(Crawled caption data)
BEGIN
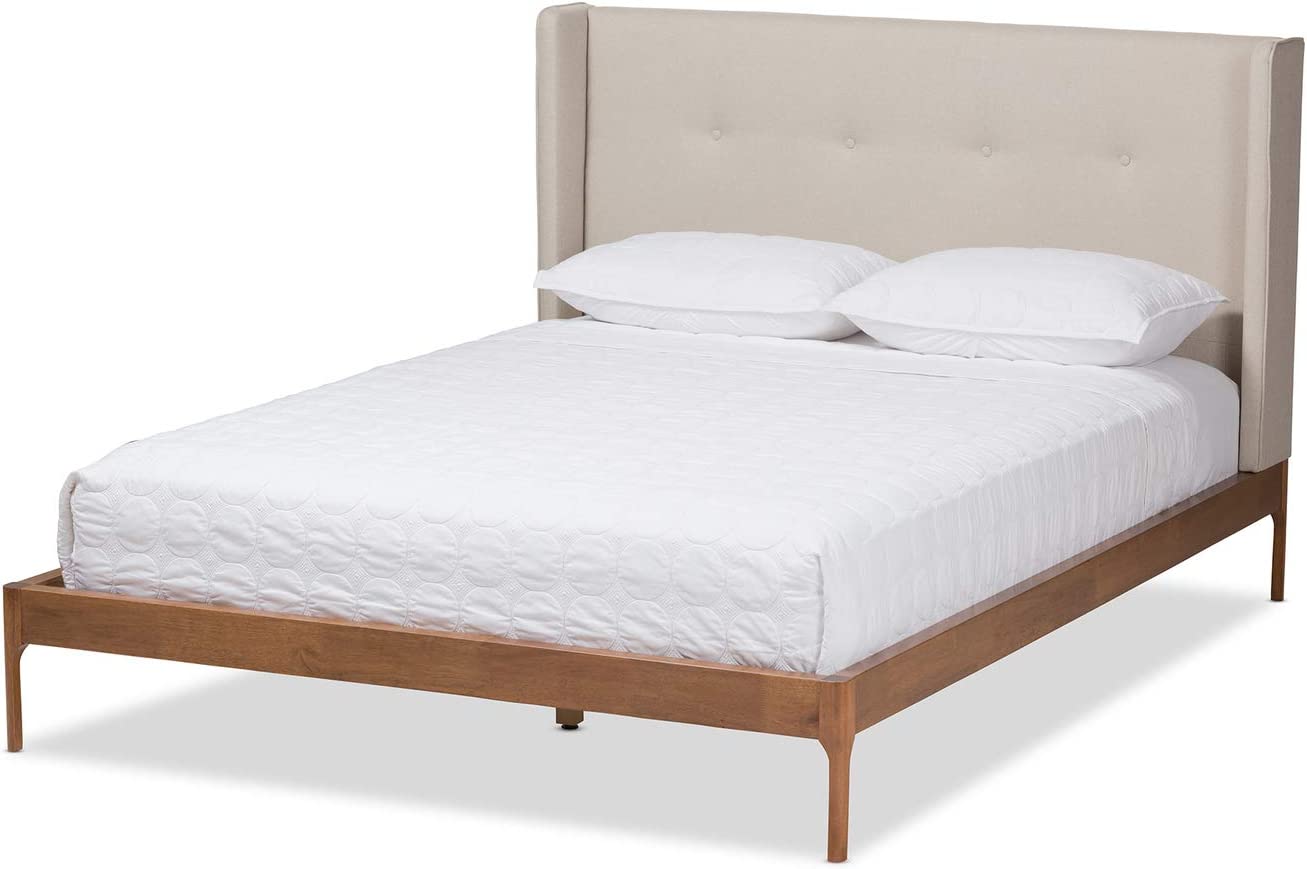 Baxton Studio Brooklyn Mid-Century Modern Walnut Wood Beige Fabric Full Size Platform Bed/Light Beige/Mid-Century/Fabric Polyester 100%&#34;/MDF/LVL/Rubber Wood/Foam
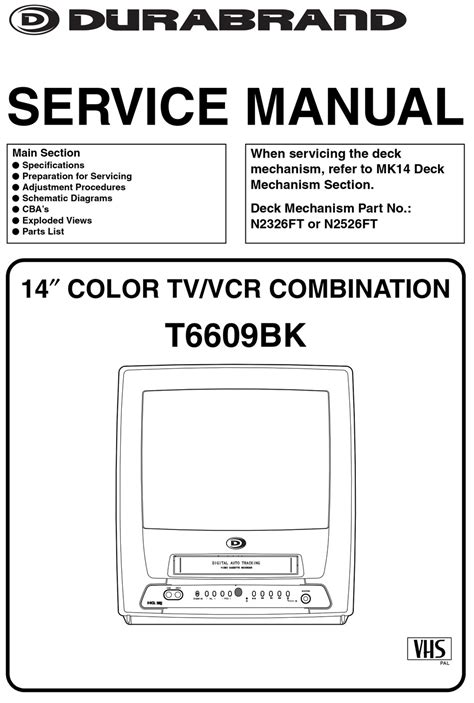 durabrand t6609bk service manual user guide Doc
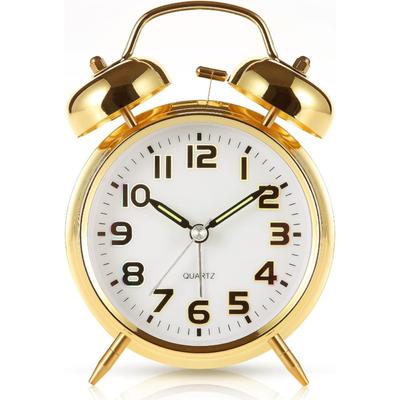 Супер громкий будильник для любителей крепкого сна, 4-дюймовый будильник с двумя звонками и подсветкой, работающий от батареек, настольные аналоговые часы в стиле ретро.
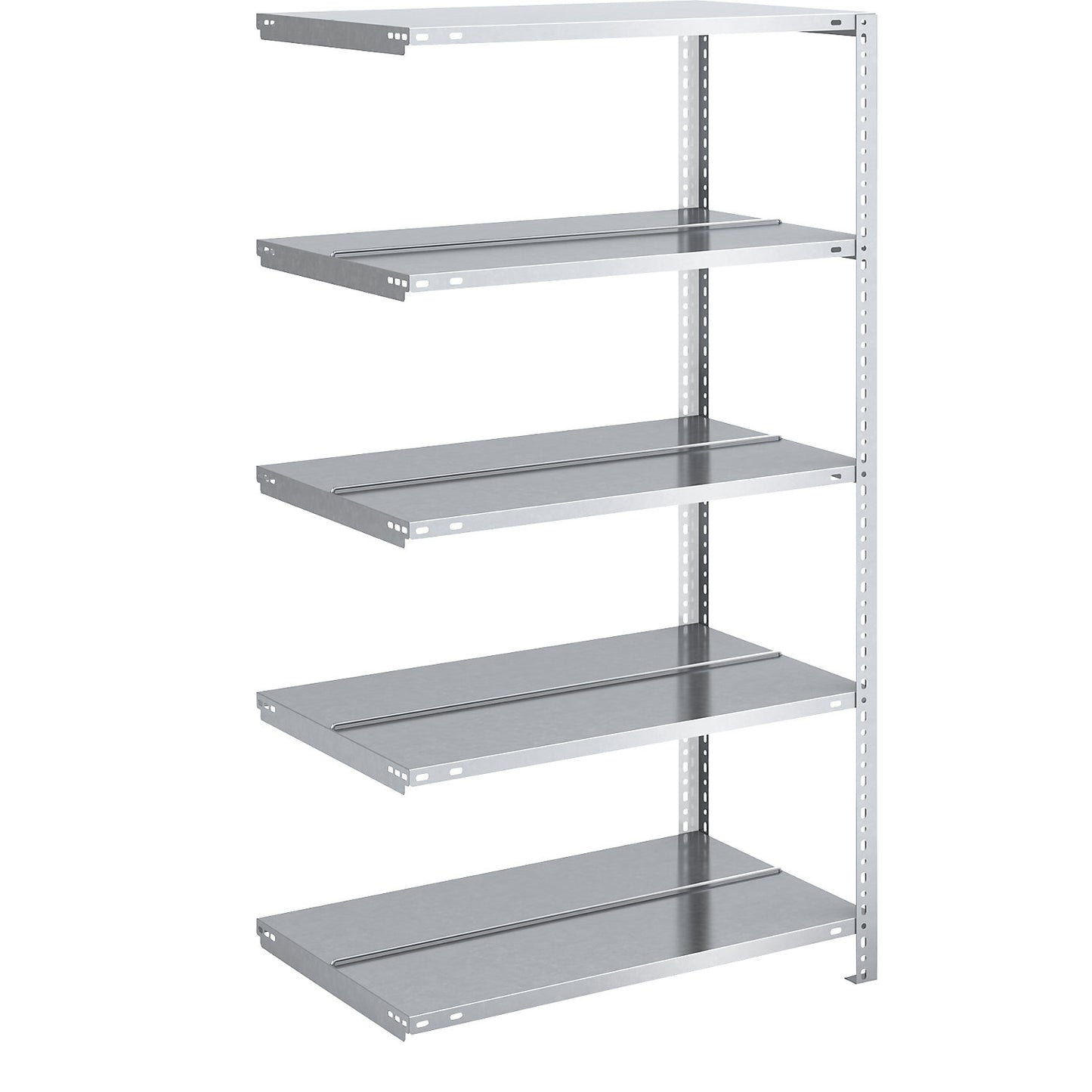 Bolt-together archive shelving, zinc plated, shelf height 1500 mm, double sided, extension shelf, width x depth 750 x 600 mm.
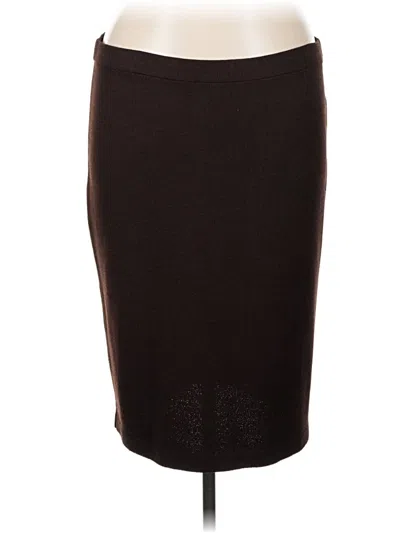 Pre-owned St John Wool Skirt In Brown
END
BEGIN
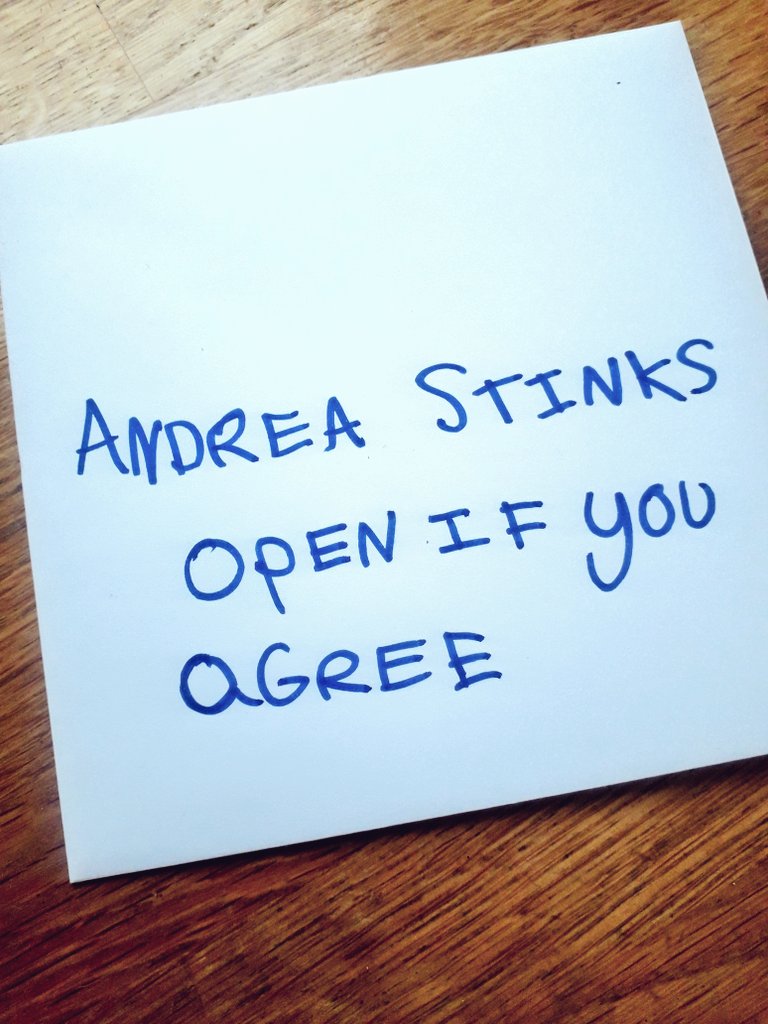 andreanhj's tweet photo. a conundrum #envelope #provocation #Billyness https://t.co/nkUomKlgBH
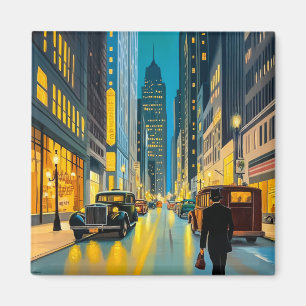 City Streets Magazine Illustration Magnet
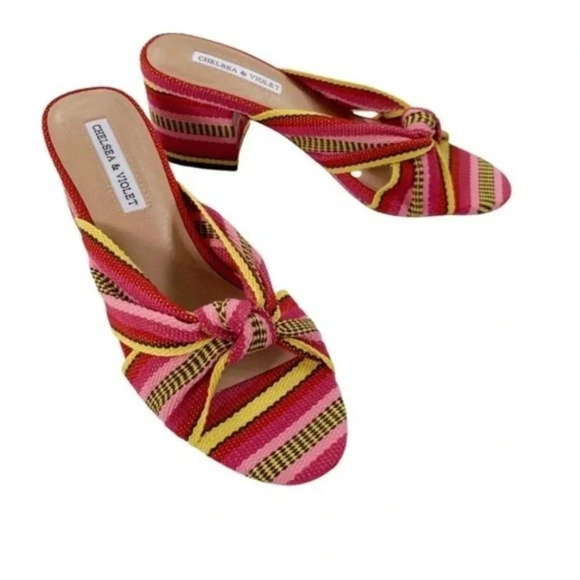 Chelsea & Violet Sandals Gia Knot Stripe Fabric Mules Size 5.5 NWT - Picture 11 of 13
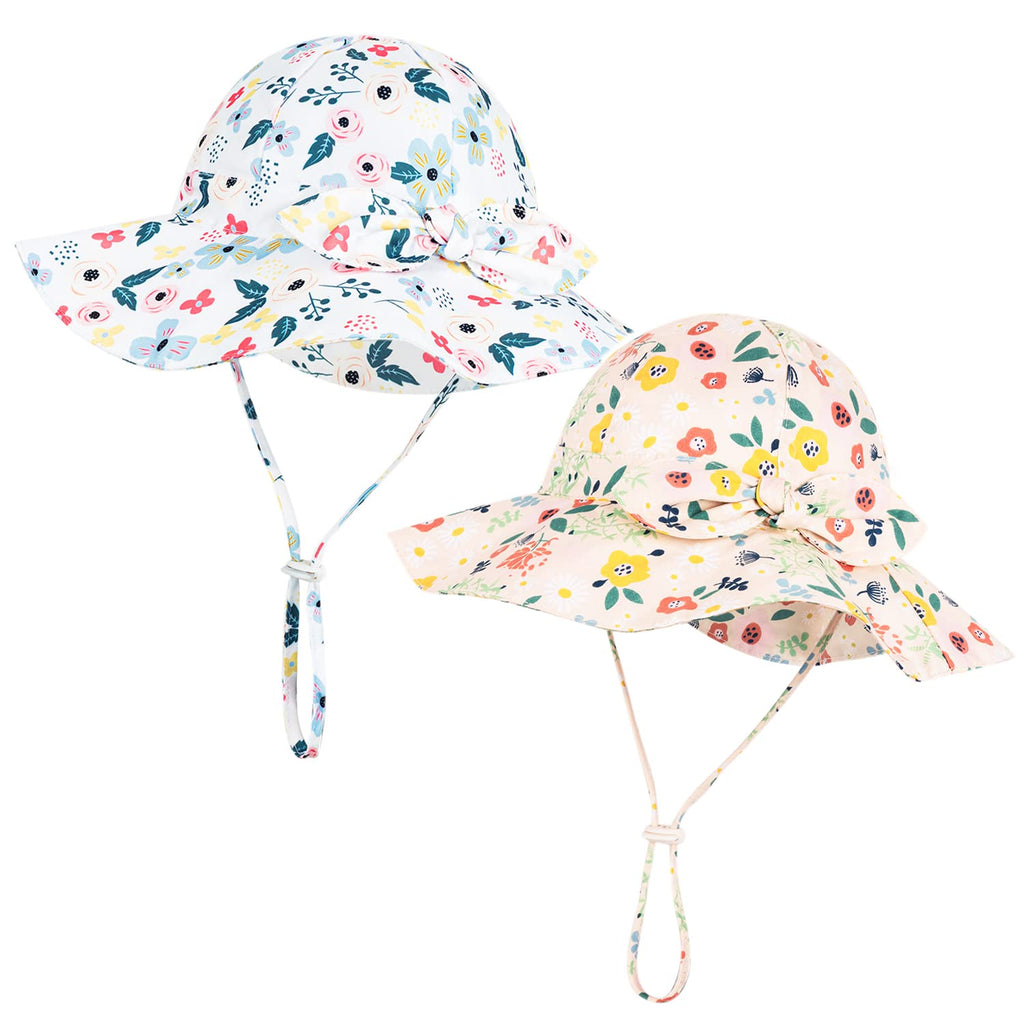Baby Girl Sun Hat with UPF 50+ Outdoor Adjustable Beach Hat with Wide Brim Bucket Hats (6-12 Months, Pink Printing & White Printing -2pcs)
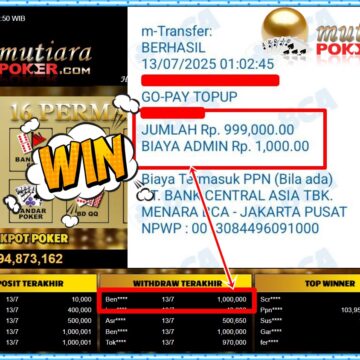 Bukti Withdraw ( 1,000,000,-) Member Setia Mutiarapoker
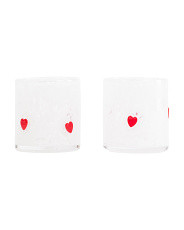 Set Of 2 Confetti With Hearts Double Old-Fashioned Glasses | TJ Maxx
END
> [Exercise objective]
The lines to copy exactly start with the line above that has "Baxton Studio Brooklyn" and go on through the line that has "durabrand t6609bk service"; please include both, add nothing else, and omit the pictures.

> [Result]
 Baxton Studio Brooklyn Mid-Century Modern Walnut Wood Beige Fabric Full Size Platform Bed/Light Beige/Mid-Century/Fabric Polyester 100%&#34;/MDF/LVL/Rubber Wood/Foam
 durabrand t6609bk service manual user guide Doc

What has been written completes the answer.